- The first ever dedicated history of the Radio Security Service (RSS)
- Insight into the structure and organisation of the RSS including its legacy after the Second World War, entering the Cold War and the creation of GCHQ in 1946
- Personal stories of the Voluntary Interceptors (VIs) and wireless operators working against German Intelligence networks around the world
- Profusely illustrated with many previously unpublished photos
- Foreword by ex-GCHQ Director Sir Iain Lobban KCMG CB
During the Second World War, German intelligence had deployed wireless teams throughout occupied Europe and agents infiltrated Britain to spy on military activity.
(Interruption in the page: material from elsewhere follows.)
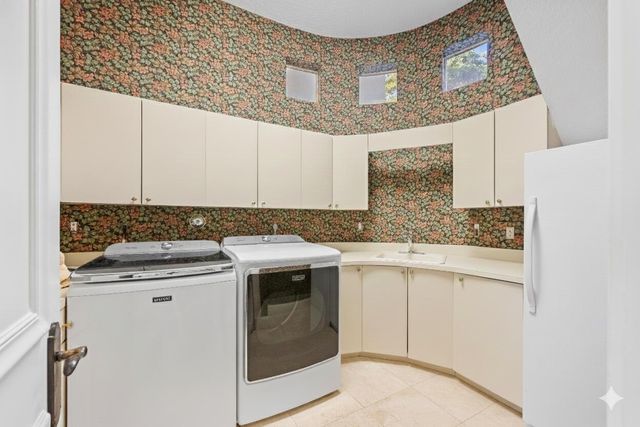 21169 Oakley Court, Boca Raton, FL 33433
Monitoring and reporting of wireless transmissions fell to a small, secretive and largely unknown unit. It became known as the Radio Security Service (RSS) and was at the core of the intelligence production effort at Bletchley Park. It gave unique insights into German Intelligence Services operations and planning.
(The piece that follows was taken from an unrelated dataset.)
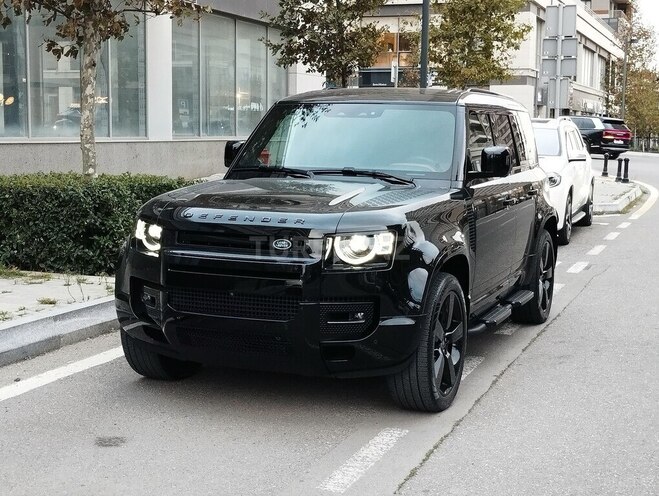 Land Rover Defender 2023, 57,000 km - 3.0 l - Bakı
Much of the unit was made up of Voluntary Interceptors (VI) who would spend hours at home listening for faint signals transmitted by German intelligence wireless operators. The RSS story has never been fully documented and Radio War focuses on the secret world of wireless espionage and includes first-hand accounts from surviving veterans of the unit. Its existence was only made public 35 years after the war ended, shortly after Bletchley Park’s secrets were exposed. Patrick Reilly, the assistant to the Chief of MI6 Stewart Menzies, was to say of the RSS, ‘…a team of brilliance unparalleled anywhere in the intelligence machine’.
||234 x 156 mm
||12 December 2019
||39 black-and-white photographs
David Abrutat is a former Royal Marines Commando, RAF officer, zoologist and currently a lecturer in International Relations and Security Studies in the Department of Economics at the University of Buckingham. He has long had a passionate interest in military history. His most recent book is Vanguard: The Intelligence and Reconnaissance Missions Behind D-Day (2019).